In a recent legal brief in a Virginia case, the Justice Department asserted that a 1989 Supreme Court employment discrimination decision “flatly rejected the notion that ‘sex’ encompasses only one’s biological status as male or female, concluding instead that sex discrimination also encompasses differential treatment based on one’s failure to conform to socially constructed gender expectations.” However, the ruling was a plurality decision, backed by just four of the nine justices.

In 2008, the Sixth U.S. Circuit Court of Appeals concluded that “discrimination on the basis of gender identity is ‘literally’ discrimination on the basis of sex.”

Then last month, just weeks after passage of North Carolina’s law, the 4th U.S. Circuit Court of Appeals ruled that a Virginia county school board’s vote that a transgender boy could no longer use the boys’ restroom was discriminatory. The Richmond-based court’s jurisdiction also includes North Carolina.
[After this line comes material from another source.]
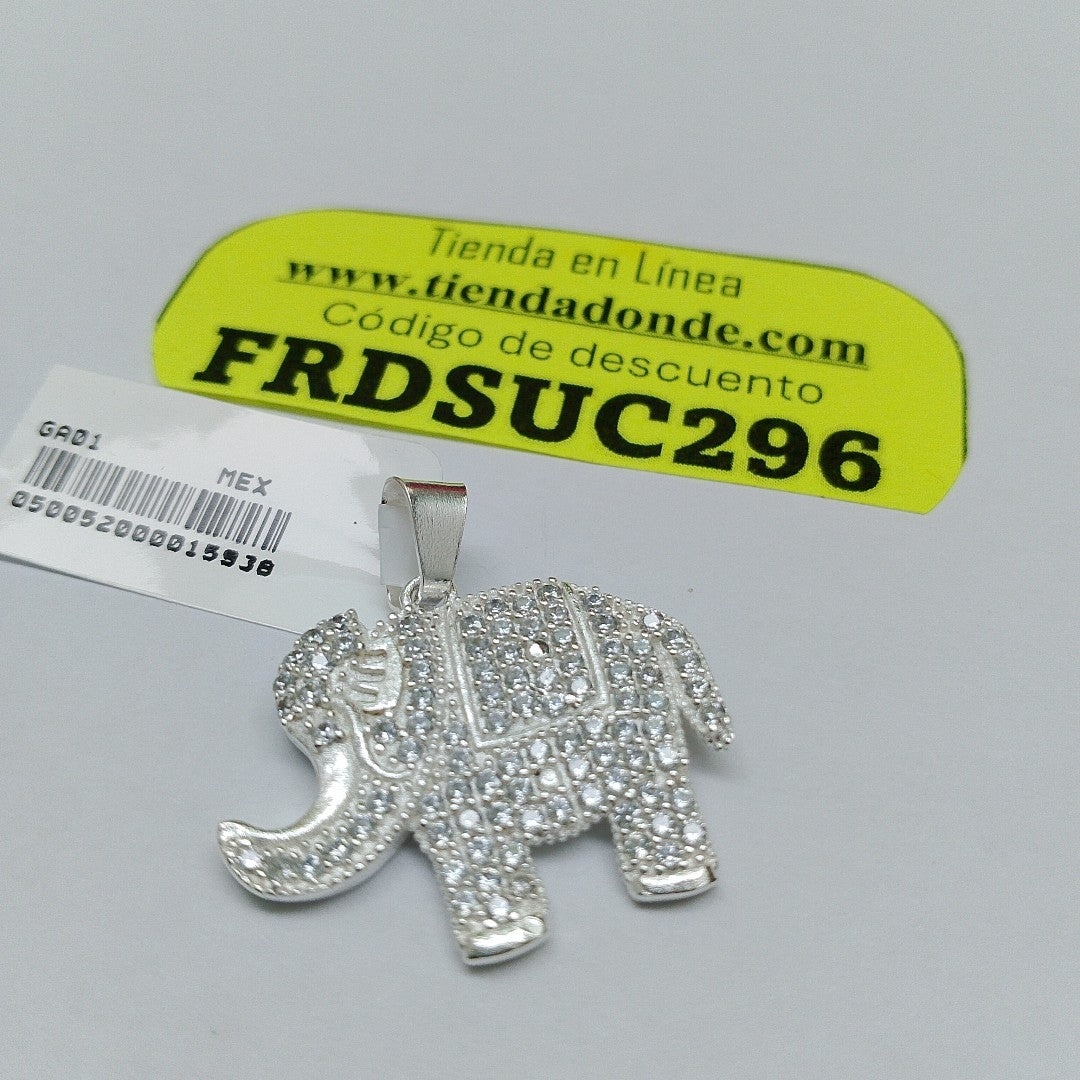 DIJE ELEFANTE C/CIRCONIAS PLATA .925 5 GR (NUEVO)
But in a letter to Education Secretary John King, all 10 Republican House members from North Carolina contended that Title IX of the 1972 law barring sex discrimination in education funding does not cover “discrimination on the basis of ‘gender identity” and that an Obama administration threat to cut off funding to the University of North Carolina over HB2 is an attempt to usurp Congress’ authority by “executive fiat.”

McCrory’s lawsuit notes that in 2000, the 7th U.S. Circuit Court of Appeals held that Congress “intended the term ‘sex’ to mean ‘biological male or biological female,’ and not one’s sexuality or sexual orientation.”

In 1982, the 8th Circuit found that, because Congress had failed to make transgender people a protected class, discrimination based on their gender identities is not covered by Title VII of the 1964 Civil Rights Act.

However, even Scalia, Whelan’s former rock-ribbed conservative mentor, showed surprising flexibility in a case involving sex discrimination under the same law.

In writing a unanimous opinion of the Supreme Court in a sexual harassment case in 1998, he said: “Male on male sexual harassment in the workplace was assuredly not the principle evil Congress was concerned with when it enacted Title VII. But statutory prohibitions often go beyond the principle evil to cover reasonably comparable evils.”